▶ Requirement
Nothing but the lines from the top of the data to the line holding "Hey everyone, welcome" should be printed, word for word and both ends included; leave the pictures out.
Dataset section Block Start
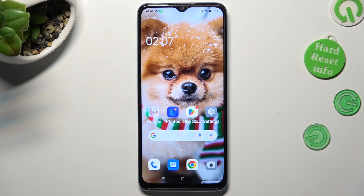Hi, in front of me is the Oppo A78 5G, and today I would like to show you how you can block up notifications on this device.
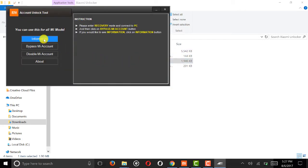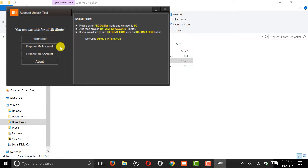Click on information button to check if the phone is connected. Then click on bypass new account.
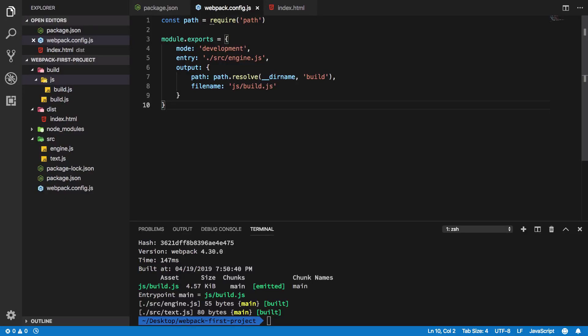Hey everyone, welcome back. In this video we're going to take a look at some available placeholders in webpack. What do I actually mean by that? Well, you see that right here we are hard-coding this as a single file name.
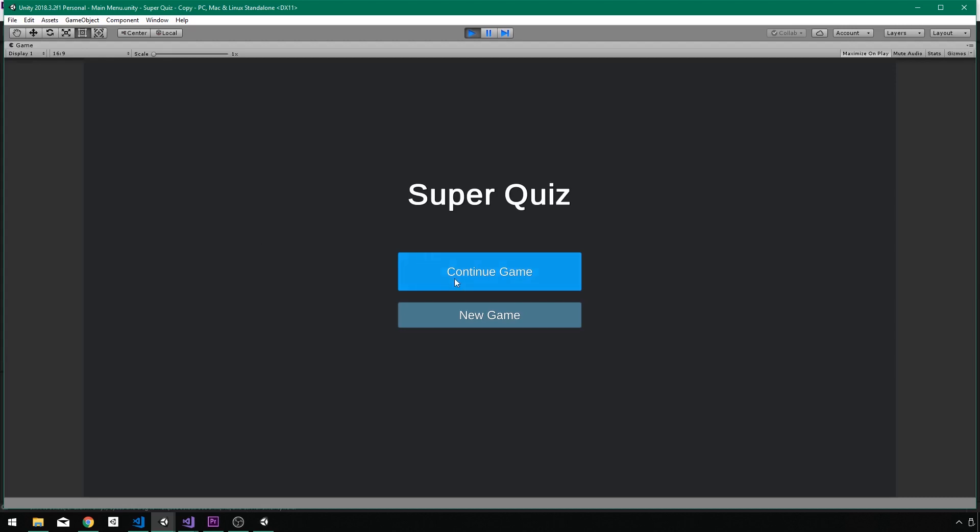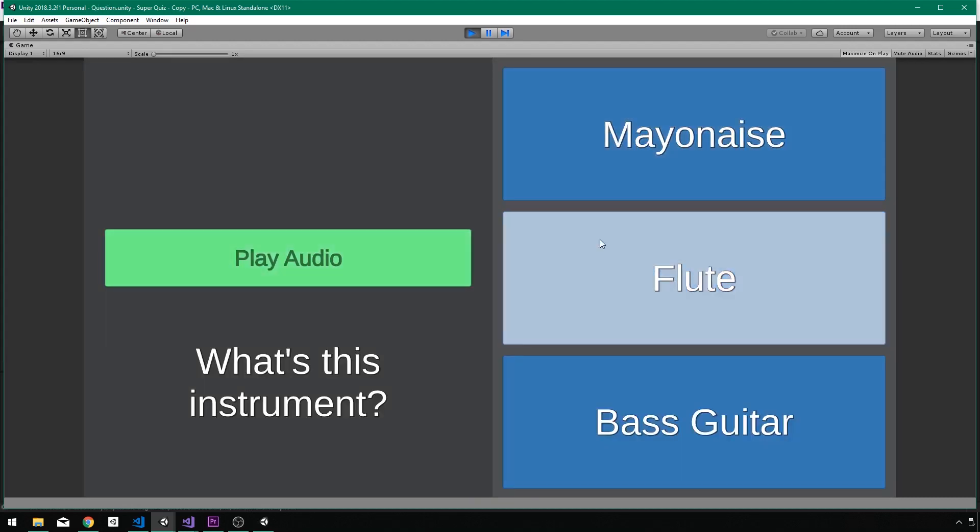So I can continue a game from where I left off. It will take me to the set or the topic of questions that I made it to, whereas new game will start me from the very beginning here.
Dataset section Block End
▶ Written answer
Hi, in front of me is the Oppo A78 5G, and today I would like to show you how you can block up notifications on this device.
Click on information button to check if the phone is connected. Then click on bypass new account.
Hey everyone, welcome back. In this video we're going to take a look at some available placeholders in webpack. What do I actually mean by that? Well, you see that right here we are hard-coding this as a single file name.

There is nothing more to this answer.